Because of the controversy around using mesh, the Society of Urodynamics and Female Pelvic Medicine and Urogenital Reconstruction (SUFU), the American Urogynecologic Society (AUGS), the American Urological Association (AUA), and the International Continence Society (ICS) have published unambiguous statements supporting the use of synthetic midurethral slings for SUI. These groups published a statement claiming that a clear distinction should be made between synthetic midurethral slings and vaginal mesh for POP repair, supporting the use of mesh in midurethral slings for women with SUI based on comprehensive evidence. The statement recommended that surgeons with limited experience in the placement and revision of synthetic midurethral slings be encouraged to refer to trained surgeons [9]. Additionally, the European Commission reported that “synthetic sling SUI surgery is an accepted procedure with proven efficacy and safety in the majority of patients with moderate to severe SUI when used by an experienced and appropriately trained surgeon” [10].

Recent Trends of SUI Surgeries in the Era of Mesh-Related Issues

Several reports have revealed a reduction in the use of midurethral slings because of negative public perception after an increased number of complications.

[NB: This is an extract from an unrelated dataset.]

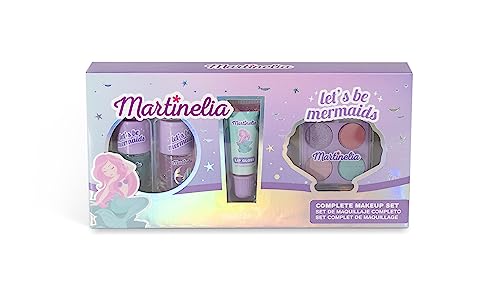 MARTINELIA LET’S BE Mermaids Kinder Kosmetikset - Meerjungfrau Mädchen Geschenkset in Pink Lila Türkis - Perfektes Mädchen Geburtstagsgeschenk MARTINELIA LET’S BE Mermaids Kinder Kosmetikset - Meerjungfrau Mädchen Geschenkset in Pink Lila Türkis - Perfektes Mädchen Geburtstagsgeschenk von Martinelia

One study revealed an overall decrease in the number of midurethral slings placed after the notification update from the U.S. FDA in 2011. From June 2010 to June 2014, the proportion of patients who underwent midurethral sling placement for SUI showed an overall decrease [11]. This decline was mainly attributed to the U.S. FDA notification released in July 2011 and the subsequent rejection by patients undergoing procedures using synthetic mesh.

One study showed a decline in synthetic midurethral sling use during a similar time period despite the release of the updated 2011 FDA notification (which did not address synthetic mesh use for SUI surgery). However, they noted that the use of midurethral slings was re-emerging after the release of the AUA/ICS/AUGS/SUFU position statement “a clear distinction should be made between synthetic midurethral slings and vaginal mesh for POP repair, supporting the use of mesh of midurethral slings in women with SUI based on a comprehensive evidence” [12].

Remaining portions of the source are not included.